Use the hook as provided in the following example.

import { ReCaptchaProvider, useExecuteReCaptcha } from 'react-grecaptcha-v3'

const GoogleReCaptchaValidatorComponent = () => {
    const executeRecaptcha = useExecuteReCaptcha()

    // Create an event handler so you can call the verification on button click event or form submit
    const handleReCaptchaVerify = useCallback(async () => {
        const token = await executeRecaptcha('userAction')
        // Do whatever you want with the token
    }, [executeRecaptcha])

    // You can use useEffect to trigger the verification as soon as the component being loaded
    useEffect(() => {
        handleReCaptchaVerify()
    }, [handleReCaptchaVerify])

    return <button onClick={handleReCaptchaVerify}>Verify recaptcha</button>
}

ReactDOM.render(
    <ReCaptchaProvider siteKey="[Your recaptcha key]">
        <GoogleReCaptchaValidatorComponent />
    </ReCaptchaProvider>,
    document.getElementById('app')
)

useSkipInjectionDelay

"I need my Google reCAPTCHA to be loaded now, regardless of the injectionDelay property.
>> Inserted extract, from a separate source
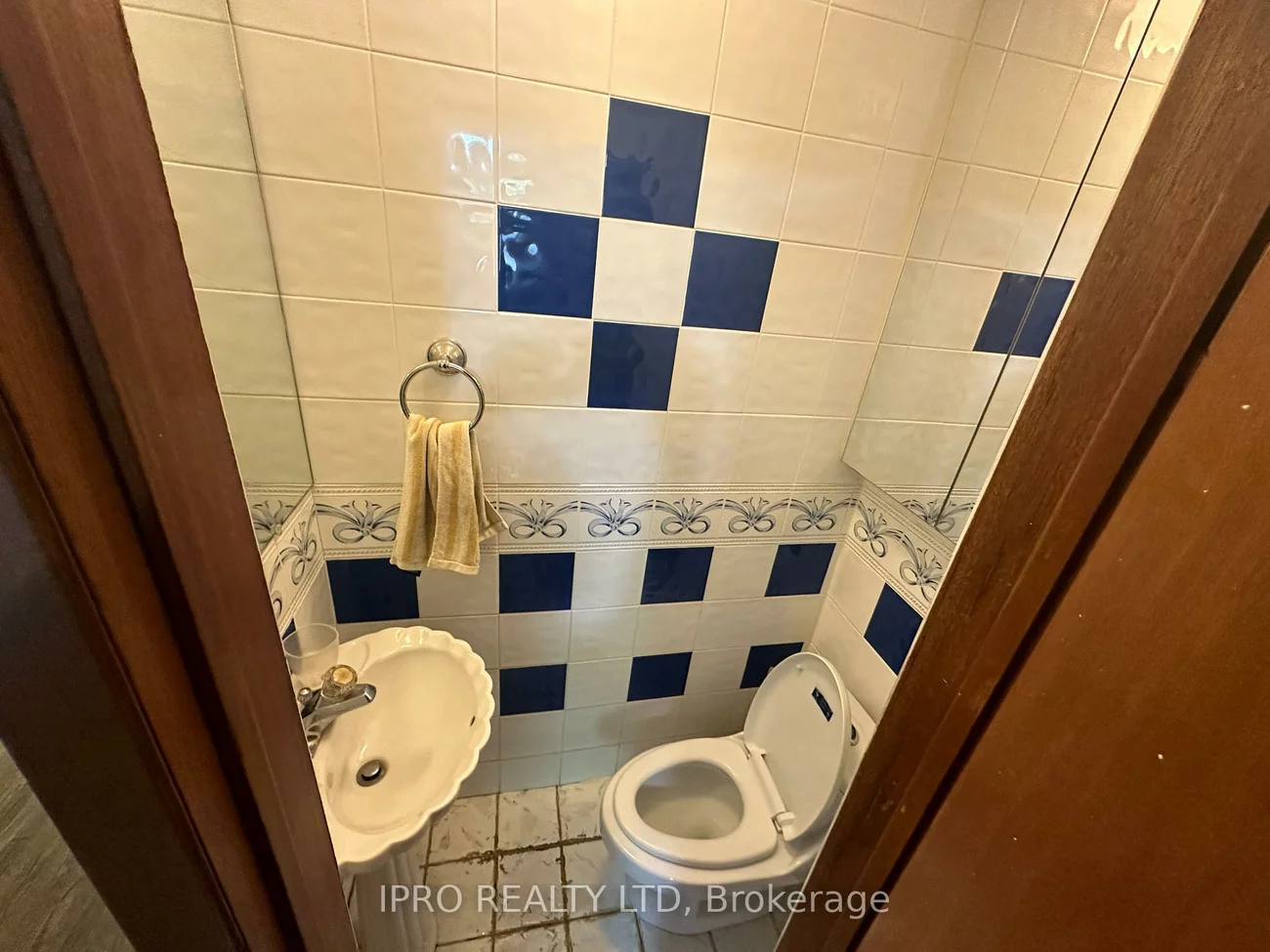31, Aloma, Avondale, Brampton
What should I do?"

There is a way to ignore the injectionDelay and load reCAPTCHA assets immediately. The useSkipInjectionDelay hook returns a callback that accomplishes this. See the following usage example.

import { ReCaptchaProvider, useExecuteReCaptcha } from 'react-grecaptcha-v3'

const GoogleReCaptchaValidatorComponent = () => {
    const forceRecaptchaLoad = useSkipInjectionDelay()

    // Create an event handler so you can call the verification on button click event or form submit
    const handleReCaptchaVerify = useCallback(async () => {
        forceRecaptchaLoad() //Load google recaptcha NOW!
        const token = await executeRecaptcha('someVeryImportantAction')
        // Do whatever you want with the token
    }, [executeRecaptcha])

    // You can use useEffect to trigger the verification as soon as the component being loaded
    useEffect(() => {
        handleReCaptchaVerify()
    }, [handleReCaptchaVerify])

    return <button onClick={handleReCaptchaVerify}>Verify recaptcha</button>
}

ReactDOM.render(
    <ReCaptchaProvider siteKey="[Your recaptcha key]">
        <GoogleReCaptchaValidatorComponent />
    </ReCaptchaProvider>,
    document.getElementById('app')
)

In our example, we have shown an important action that requires a token as fast as possible. However, keep in mind that for invisible reCAPTCHA, such a case can be suspicious, leading to a worse score. It is better to prepare reCAPTCHA at an earlier stage.

For example, you can call useSkipInjectionDelay with some action triggered by the user earlier, when you do not need a token immediately.